Le Gabon vient de franchir une étape décisive dans la modernisation de son système de santé avec la publication du nouveau Code de la Santé (Loi n°030/2025 du 5 janvier 2026). Ce texte ambitieux, désormais en vigueur, unifie et remplace plus d’une quinzaine de lois anciennes, certaines datant des premières années de l’indépendance.
Pensé comme une véritable charte fondatrice, le Code redéfinit l’ensemble du paysage sanitaire national. Il encadre désormais tous les acteurs du secteur, du service public civil aux structures militaires, en passant par les cliniques privées et la médecine traditionnelle, désormais soumise à des règles précises.
Sur le plan organisationnel, le système de santé est structuré en trois niveaux – central, intermédiaire et périphérique – avec l’obligation de publier chaque année une carte sanitaire nationale. Cette mesure vise à améliorer la planification et la répartition des soins sur l’ensemble du territoire.
Mais la réforme la plus marquante concerne les droits des patients. Le texte interdit formellement tout refus de soins ou discrimination, consacrant un principe fort d’accès universel aux services de santé. Les établissements ont l’obligation d’afficher une Charte du Patient, garantissant transparence et recours en cas de manquement.
Le Code introduit également des avancées importantes en matière d’éthique médicale. Il interdit l’acharnement thérapeutique et reconnaît le droit aux soins palliatifs et au soulagement de la douleur, marquant une évolution significative dans la prise en charge de la fin de vie.
Autre innovation majeure : l’autonomie partielle des mineurs dans certaines décisions médicales. Un patient mineur peut désormais refuser l’implication de ses parents dans son parcours de soins, à condition d’être accompagné par un adulte de confiance. Une disposition qui redéfinit les équilibres entre protection familiale et respect de la vie privée.
Dans le domaine de la santé publique, la vaccination obligatoire est strictement encadrée. Elle ne peut être imposée qu’en cas de catastrophe sanitaire avérée, et uniquement si l’efficacité du vaccin est scientifiquement démontrée.
Enfin, le Code comble un vide juridique en matière de dons d’organes et de recherche biomédicale.

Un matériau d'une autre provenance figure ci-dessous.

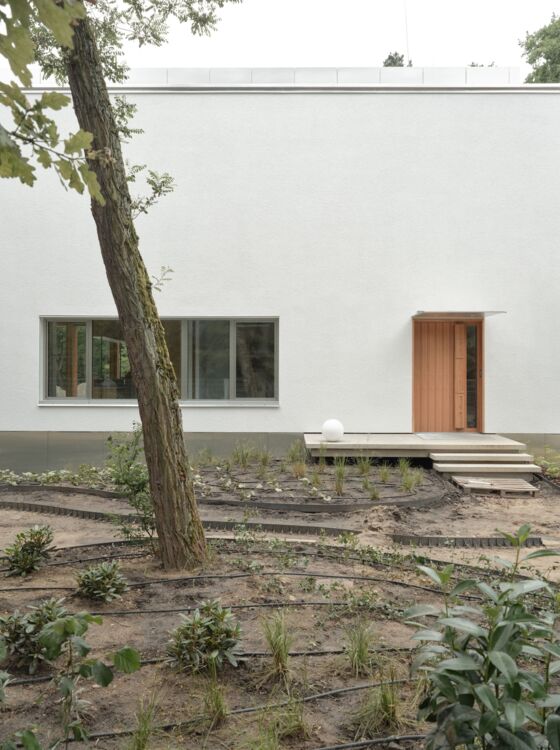Wilde Karte #08 Finalist Ewa Kaszuba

Il repose sur des principes éthiques clairs : gratuité, anonymat et absence de toute logique commerciale. Les prélèvements sur donneurs vivants sont limités au cercle familial proche, tandis que des garanties strictes sont mises en place pour éviter tout conflit d’intérêts.
À travers ce nouveau cadre légal, le Gabon affiche son ambition de construire un système de santé plus équitable, plus éthique et mieux régulé. Reste désormais à traduire ces principes en réalité concrète sur le terrain.